Project Overview: This project leverages object-oriented programming (OOP) principles and data engineering techniques to design and implement a PostgreSQL database for sports statistics. The database schema includes four core tables — seasons, leagues, teams, and standings. These table relationships are visualized in the Entity Relationship Diagram (ERD) below and can be queried or joined within PostgreSQL for analysis.

More: SportsStats on Github

Implementation Details: The codebase is organized into a models.py script, where classes are categorized as either Data Classes or Table Classes:

  • Data Classes: These classes handle data retrieval for seasons, leagues, teams, and team standings.

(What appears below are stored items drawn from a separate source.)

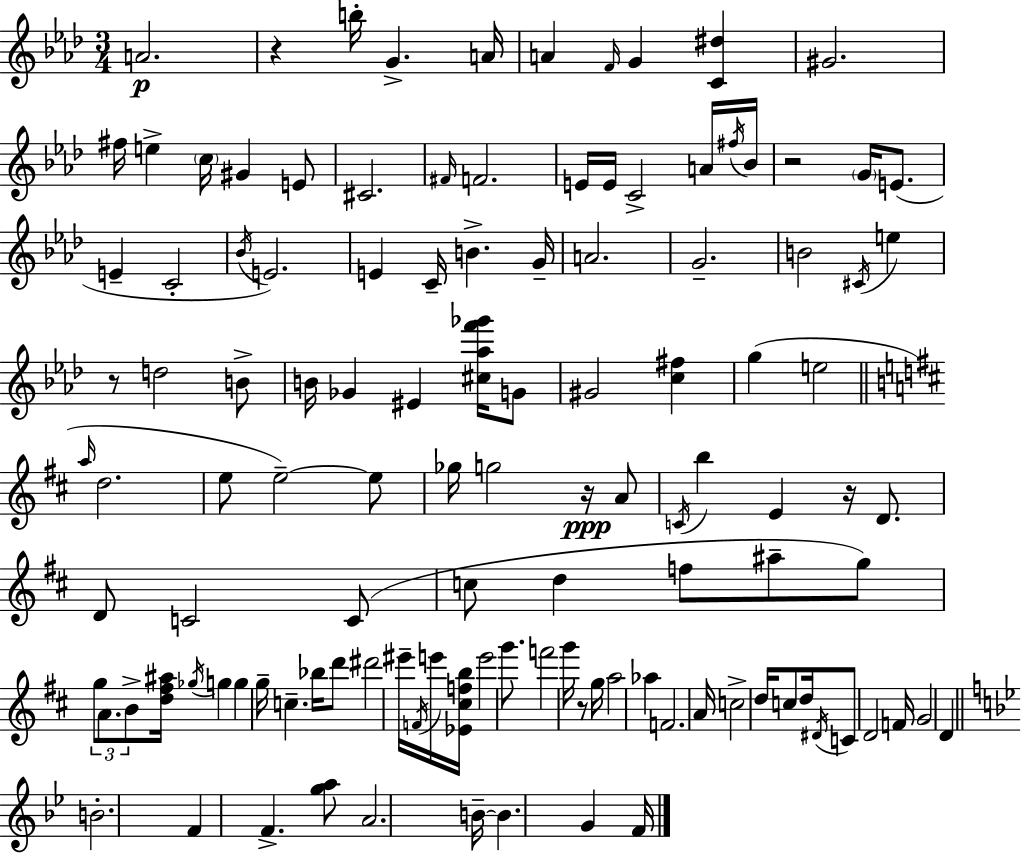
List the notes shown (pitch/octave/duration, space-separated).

A4/h. R/q B5/s G4/q. A4/s A4/q F4/s G4/q [C4,D#5]/q G#4/h. F#5/s E5/q C5/s G#4/q E4/e C#4/h. F#4/s F4/h. E4/s E4/s C4/h A4/s F#5/s Bb4/s R/h G4/s E4/e. E4/q C4/h Bb4/s E4/h. E4/q C4/s B4/q. G4/s A4/h. G4/h. B4/h C#4/s E5/q R/e D5/h B4/e B4/s Gb4/q EIS4/q [C#5,Ab5,F6,Gb6]/s G4/e G#4/h [C5,F#5]/q G5/q E5/h A5/s D5/h. E5/e E5/h E5/e Gb5/s G5/h R/s A4/e C4/s B5/q E4/q R/s D4/e. D4/e C4/h C4/e C5/e D5/q F5/e A#5/e G5/e G5/e A4/e. B4/e [D5,F#5,A#5]/s Gb5/s G5/q G5/q G5/s C5/q. Bb5/s D6/e D#6/h EIS6/s F4/s E6/s [Eb4,C#5,F5,B5]/s E6/h G6/e. F6/h G6/s R/e G5/s A5/h Ab5/q F4/h. A4/s C5/h D5/s C5/e D5/s D#4/s C4/e D4/h F4/s G4/h D4/q B4/h. F4/q F4/q. [G5,A5]/e A4/h. B4/s B4/q. G4/q F4/s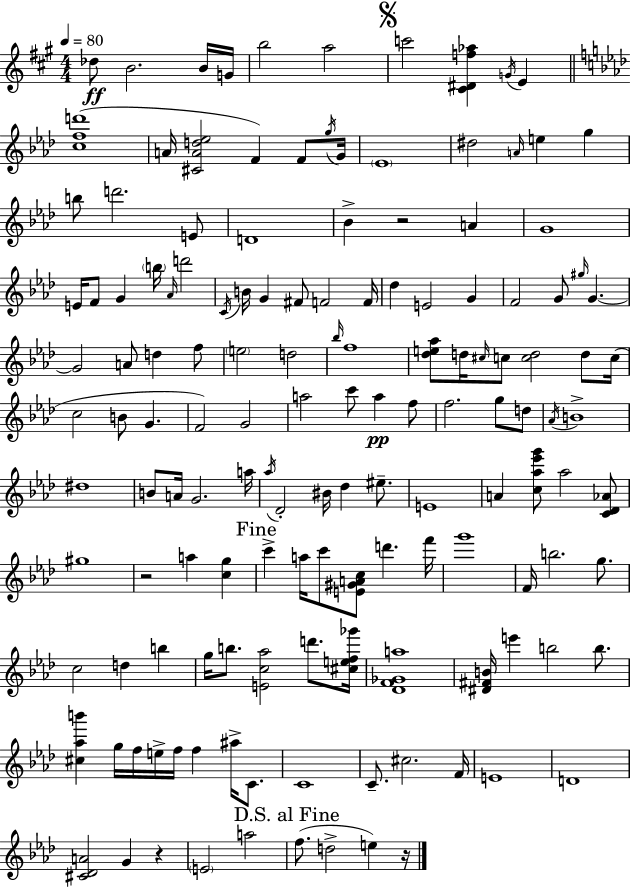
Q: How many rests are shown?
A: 4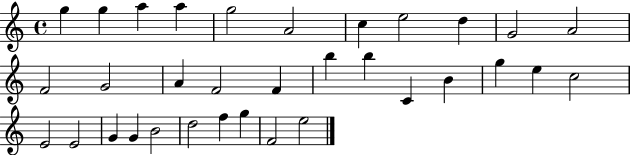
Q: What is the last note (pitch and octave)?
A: E5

Each class contains methods to fetch the relevant data and high-level dictionaries where processed data is stored.

  • Table Classes: These classes are responsible for building and managing database tables using the SQLAlchemy library.

Challenges Encountered and Future Improvements: One primary challenge was obtaining accurate data, particularly related to the NBA API. Accessing the right headers became difficult, and occasionally led to unavailable data. As a temporary solution, data for the seasons table was manually populated, and is something I would like to fix in the future.

To optimize this codebase, I plan to make the following improvements:

  • Data Structure Standardization: Refactor dictionaries within the data classes to adopt a uniform nested structure, where each league or team serves as a key.

  • Codebase Refactoring: Improve consistency in class methods by adhering more strictly to OOP design principles. This includes standardizing function names and parameters, ensuring modularity, and enhancing maintainability.

  • Reproducibility: Optimize data retrieval and processing workflows to guarantee consistent, accurate, and reproducible results as the database evolves.